On trying to dabble in costume design:
“I saw a photograph of a Balenciaga sheath dress that was inspired by a school uniform. The Balenciaga dress was very simple. Or at least it looked very simple until I had to figure out a way to make it and then realized, My God, this is incredibly complicated. There is nothing more beautiful in all the arts than something that appears simple. And if you try to do any goddamn thing in your life, you know how impossible it is to achieve that effortless simplicity.
[My wife] Rebecca was very patient. The code that I had to crack was a very particular gusset in the armpit. You couldn’t tell from the photos how the gusset was designed. Marc and I each worked on our version of the gusset and, through trial and error, figured it out. Rebecca has worn the dress. It’s very pretty.”

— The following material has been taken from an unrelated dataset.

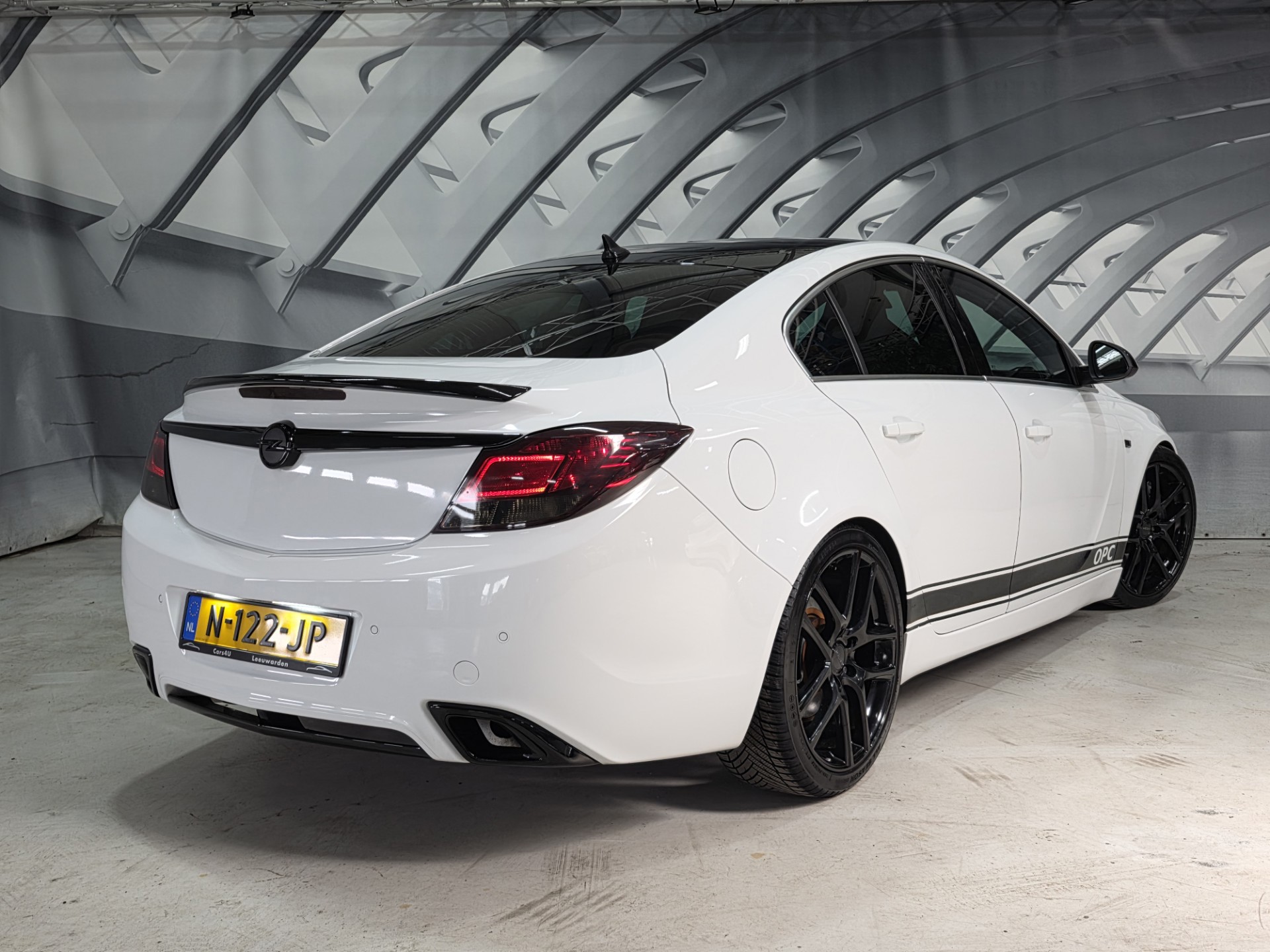 Foto van Opel Insignia Limousine NB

On his (final?) film Phantom Thread:
“I don’t know why, but suddenly I had a strong wish to tell an English story. England is deep in me. I’m made of that stuff. For a long time, a film set in England was too close to the world that I’d escaped from—drawing rooms, classic Shakespeare, Downton Abbey did not interest me. But I was fascinated by London after the war. My parents told stories about living through the Blitz, and I felt like I ingested that. I am sentimental about that world. And my dad was very much like Reynolds Woodcock. If a poet is not self-absorbed, what else is he?
Before making the film, I didn’t know I was going to stop acting. I do know that Paul and I laughed a lot before we made the movie. And then we stopped laughing because we were both overwhelmed by a sense of sadness. That took us by surprise: We didn’t realize what we had given birth to. It was hard to live with. And still is.”